But to return to our vegetables. With these, a handful of macaroni and a tin of bully beef, Jack Wright made a stew that would have attracted notice anywhere. The wood smoke went everywhere but up the chimney and I can see him now like the Walrus in Alice, ” holding his pocket handkerchief before his streaming eyes.” There was a big boulder outside the hut and copying Wordsworth’s little maid,—” As the night was fair, I took my little porringer And ate my supper there.” I shall never forget that supper, the weirdly contorted icefall of the Tribulation glacier, and above all the grand mass of the Paradis lit by the summer moon.

Another culinary memory. Four of us, trudging down to Val d’Isere from the Grande Motte, the village in sight far beneath us, came to a rocky gorge. Two of us maintained the path and followed one side, two the other. As it didn’t much matter we parted. Soon after, my companion and I came on a lovely Alpine meadow starred with mushrooms. We had two cookers and all the butter of the party. We cooked and ate mushrooms as long as the butter lasted, then we fried them with sardines. Never again shall I taste mushrooms to compare with them. ” There grow no such Almug trees nor have been seen unto this day.”

But all memories are not so happy. One year we left the Grimsel to traverse the Finsteraarhorn by a rather difficult route, and had cut down weight as much as possible. The first night at the Oberaar hut disaster fell. I had banked heavily on soup, half a dozen packets, Pea, Julienne, Mulligatawny, etc., though I was not sanguine about the flavours. No matter what is printed on the packet the prevailing flavour is cardboard. I stewed the mixture care­fully, stiffened it up with Oxo cubes, and handed a basinful proudly to our second man. He simply shouted ” moth­balls.” And it was so. The shopkeeper had stored the soup packets on the same shelf with some naphthaline.

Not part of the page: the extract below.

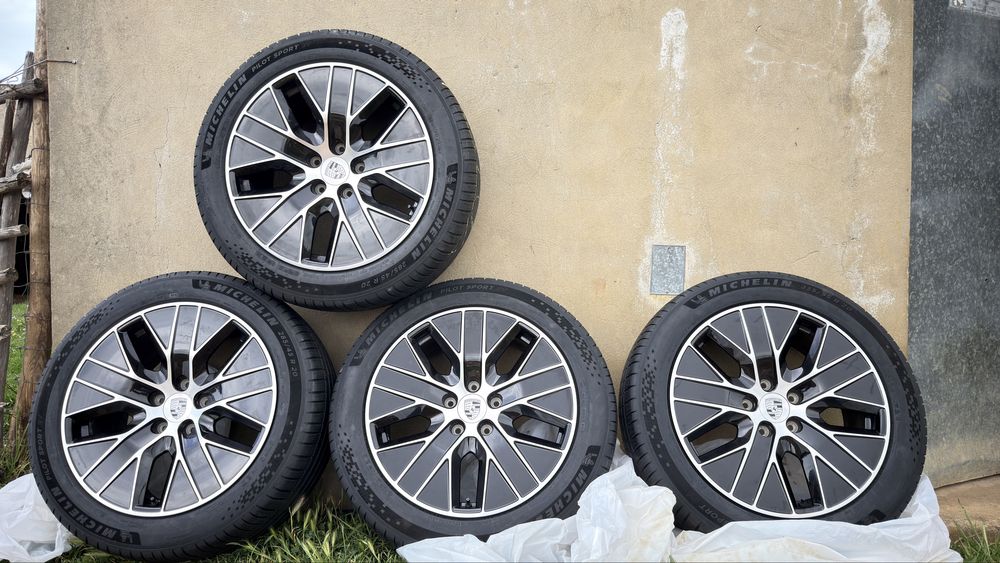 4 Rodas NOVAS 20” completas Porsche Macan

The next day the difficult route on the Finsteraarhorn proved too icy for us and we went up the ordinary way, descended to the Finsteraar hut and decided it was too late to push on to the Concordia as arranged, so we agreed to stay there and tackle the Fiescherhorn the next day. We had no food to speak of but our leader produced his emergency ration, a packet of rice. We boiled it and reboiled it and tre-boiled it and then it began to swell up. We flavoured it with mint cake, dusty raisins and prunes from pocket corners. Finally we ate it and retired to our bunks, distended but still hungry. Providentially the Fiescherhorn day dawned doubtfully and we fled up to the Jungfraujoch and down to the fleshpots of Wengen.

So far I have said nothing about drink. Tea is a great stand-by but boiling it wastes a lot of time. Don’t forget lemons ; they are a substitute for milk and help to mask the methylated spirit flavour.   And tea is the only thing you can drink on a climb without being sorry for it. Wine and water is not bad, but alcohol as a rule is best kept as a reward at the end of the day.

Asti is a gorgeous drink for a tired and thirsty man, but it leaves a rather sweet and sticky taste and is apt to be as dust and ashes in the mouth at 1.30 next morning when you are starting for a climb.

Beer — English beer — would be ideal, but it is unfortunately unprocurable. The Swiss Dunkel beer is not too bad, the Birra Aosta might be worse, but outside England there is nothing to touch the Norwegian beer. There are two sorts, Bayersk and Pilsener. The Pilsener is not real Pilsener and is merely a waste of time, but the Bayersk is good. It is pronounced By-yarr as near as I can fit it phonetically, but the easiest way to get it is to soak a label off a bottle and present it with your money.

The commonest event in a climbing holiday is to see three or four hungry men sitting round a tin containing one sardine, each protesting that he has already had far too much and couldn’t possibly eat it or drink the last mug of tea in the billy. One imagines the shade of Sir Philip Sidney peering furtively from behind a rock, jealous that his pre-eminence is going to be snatched from him.

As Kipling says :

” Smells are better than sights or sounds
To made your heart strings crack.”

Apparently he never experienced the powerful tug of the combination of smell and taste. Sometimes when dining out in towns I come across my old friend Salami, if that is how it is spelled, the most pungent of the sausage tribe, in the shape of a thin shaving in the hors d’ceuvres. Then the lights of the restaurant fade, the strains of the band fail, and I am sheltering from the wind behind a rock, breakfasting with two or three trusty, unwashed and unshaved comrades at the foot of an Alpine ridge at dawn.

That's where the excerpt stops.